If Owens’ name sounds familiar it’s because she’s been a champion for the state of Maine and its neighbors in New Brunswick and the friendship between the locales.

In a letter to the Bangor Daily News penned in the early eighties, Owens expressed to the editor the need for increased emphasis on making St. Croix Island a tourist attraction.

“Vic Runtz, who was the illustrator for the BDN at the time depicted an international handshake over St. Croix Island. This illustration was to become my logo—with the blessing of its creator,” Owens said.

The logo depicting a Canadian-American handshake became the centerpiece of an afghan Owens featured at the 1983 International Festival. The festival’s theme that year being “Hands Across The Border” were also woven into the fabric of Owens’ afghan.

“I decided to try my hand at making a designer afghan to commemorate the occasion. While I must admit that I wasn’t quite sure just how it would turn out. With a little bit of luck and Yankee ingenuity, I was able to complete my ‘masterpiece’ just two-days before the festival started,” Owens said in a letter.

Drawing funds from her own pockets, Owens placed her bets on the “Hands Across The Border” theme and furthered fanning the flames of friendship in her community by starting her own small business selling art, shirts, buttons, postcards, bumper stickers, needlepoint kits and more.

Owens has traveled the state with her finished pieces to various craft fairs, garnering recognition for her craftsmanship, bringing home ribbons and even being featured in notable publications.

“I actually made and designed the West Quoddy Head Lighthouse Afghan and it was published in the Mary Maxim catalog,” she said. “West Quoddy Head Lighthouse is the most easterly point in the country and it’s right here in Washington County and I don’t feel that this area gets attention, you know, we have some very special things here and nobody seems to recognize that fact.”

Owens first discovered the art of weaving afghans in the early seventies.

“I had my fourth baby and I had two in diapers and I could see that I was not going anywhere so I decided to join a book club and one of the books I chose was a book about designer afghans and that’s how it all started,” she said.

“I found something I enjoyed doing at home, without going out to enjoy myself, I had all I needed right at home,” she said.

Over time she raised her children and honed her skills.
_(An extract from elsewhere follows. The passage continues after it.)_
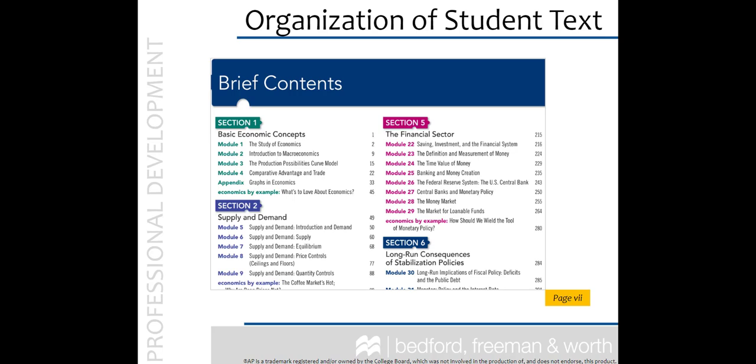If you are not familiar with the AP Krugman book, you might be wondering, what are these modules? Your new textbook is organized by modules, not chapters. Modules are smaller chunks of information that are designed to be taught in 1-2 class periods, based on a standard 45-50 minute class period, and can help you more easily organize and plan your course.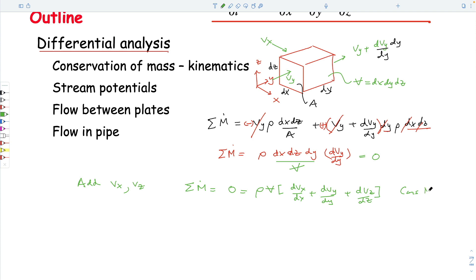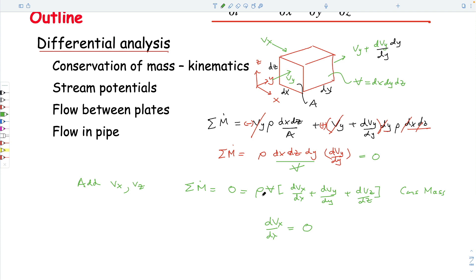For steady state, this is equal to zero — the continuity equation. If we look at just one direction, say x, then dVx/dx = 0, and we can discard the other terms. This is useful when we consider flow within a porous medium.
She said she hadn’t always been an artist and it was a talent she developed.

“The whole concept of designing something and putting it in an afghan, it was fascinating to me and I made one called ‘The Indian Head,’ I made another one called ‘Indian Geometric,’ I made several of both of those, and it’s just fascinating working on something like that, and I couldn’t believe it came out like it did, it was just perfect,” she said.

Owens normally visits several craft fairs each year but due to a recent his replacement she’s house bound and has her oldest daughter taking care of her.

“I keep busy all the time. I have a baby Afghan right here on my lap I’m working on. It looks like it’s very difficult to do but it is quite easy. The designers are the ones that deserve the credit you know, because I always tell people they look nice and they tell me what nice work I do and I say I have to give the designer the credit because they’re the ones that made up the design and I just follow the instructions,” she said.